DNA Fingerprinting

Background information:

During the investigation of violent crimes such as homicide, fingerprints are not the most common type of evidence recovered by police officers. They are more likely to recover hair or blood. Forensic scientists have been able to use a new technique developed by molecular geneticist Dr. Ray White in 1980. It is popularly called "DNA fingerprinting" and was first admitted as evidence in a court to convict someone in 1987.

In every cell of a person's body, DNA is found in the nucleus. No two people, except identical twins, have the same DNA. DNA is made of a series of 4 bases--adenine, thymine, cytosine and guanine. The order of the bases determines a person's genetic code. Some parts of the code are very similar in all people; for example, the code for building a human heart. However, some portions of the code varies greatly from person to person. These are called polymorphic (poly=many and morphic=shape) segments. Person A might have 6 repeats of a segment, person B may have 17 repeats and person C 12. When several different sequences are considered, the chances that any two individuals will have exactly the same variation are very remote.
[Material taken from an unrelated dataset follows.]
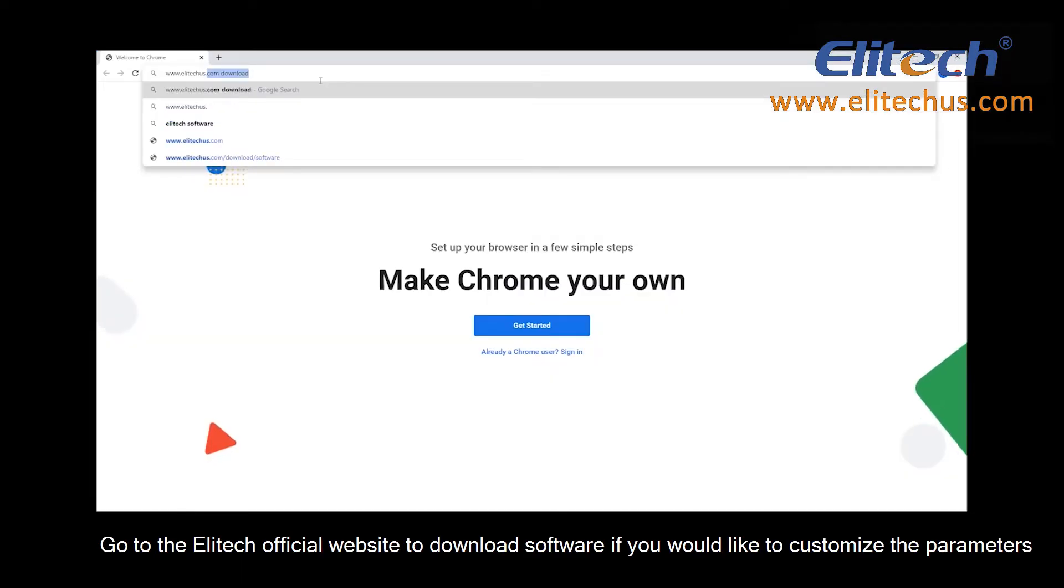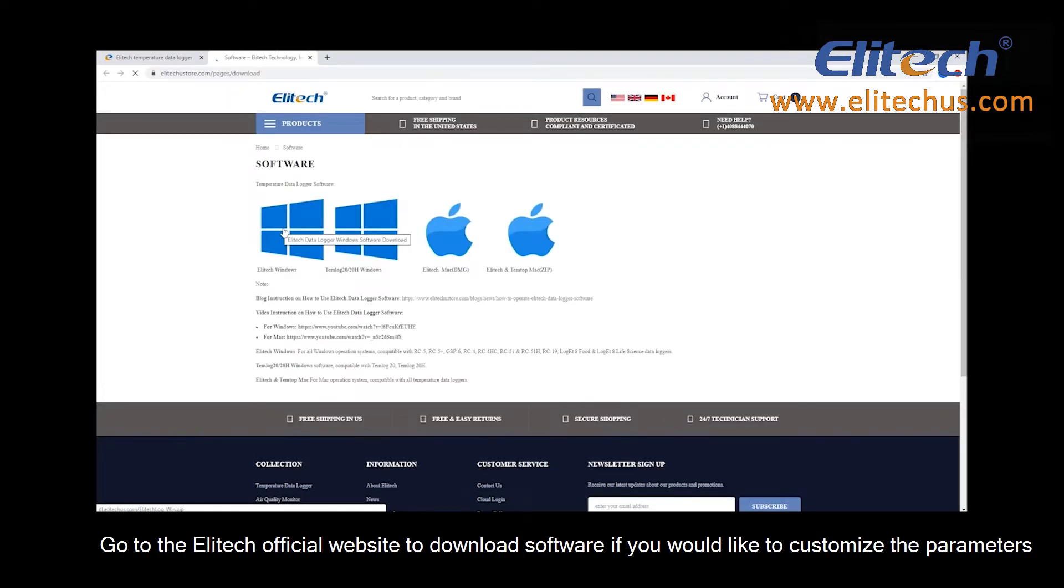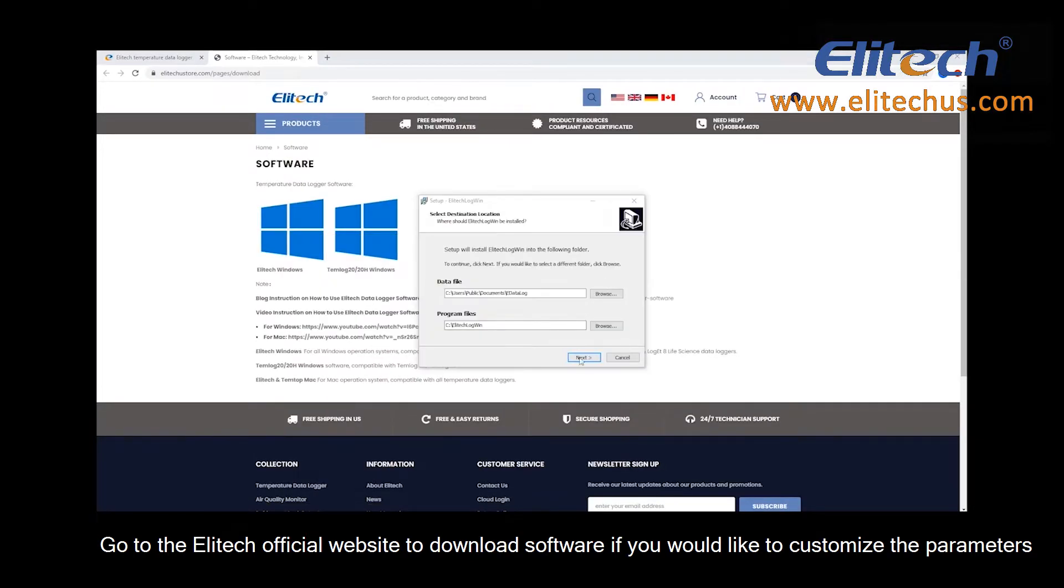Go to the Elitech official website to download software if you would like to customize the parameters.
To perform DNA fingerprinting, the DNA of cells from a crime scene is copied over and over by a process called polymerase chain reaction (PCR). A single drop of blood or the root of a single hair could be enough to identify the DNA. Using a search warrant, cells are taken from a suspect by drawing blood or taking hair. The DNA from the crime scene and suspect are cut with chemical scissors called restriction enzymes. Then the cut DNA is placed in wells at the top of a gel. The fragments are separated by electrophoresis. If the bands of the suspect's DNA matches the bands of the evidence DNA, the chances are very great that the suspect was present at the crime scene. Interestingly, the first time DNA was used to convict a person in a jury trial in North Carolina was in 1992, in a case of rape that occurred in Catawba County.

Procedure: Case 96-3337

  1. Sign and date the evidence

  2. Pour the agarose gel you receive from your teacher into the gel electrophoresis chamber. Place a comb into the agarose mixture. Allow it to harden. When the agarose is solid, cover it with TBE electrophoresis buffer. Remove the comb.

  3. In the first well pipette DNA from Exhibit M (the cells found under the nails of the deceased). Using a clean pipette, place DNA from Exhibit N (suspect 1) into the second well. Again using a clean pipette, place DNA from Exhibit O (suspect 2) into the third well.

  4. Put the lid on the gel chamber. Be sure the wells are at the black (negative) electrode. Plug the leads into the power supply and allow the fragments to separate. Your teacher will possibly have to turn off the power later in the day.

  5. The next day, visualize the bands by placing the gel carefully in methylene blue stain. Let the stain set for 30 minutes, then remove the gel while wearing gloves on your hands. Place the gel in distilled water for destaining. Finally, set the gel on the white light source and compare the bands.

  6. Measure and draw the bands on your report form exactly as they appear on the gel.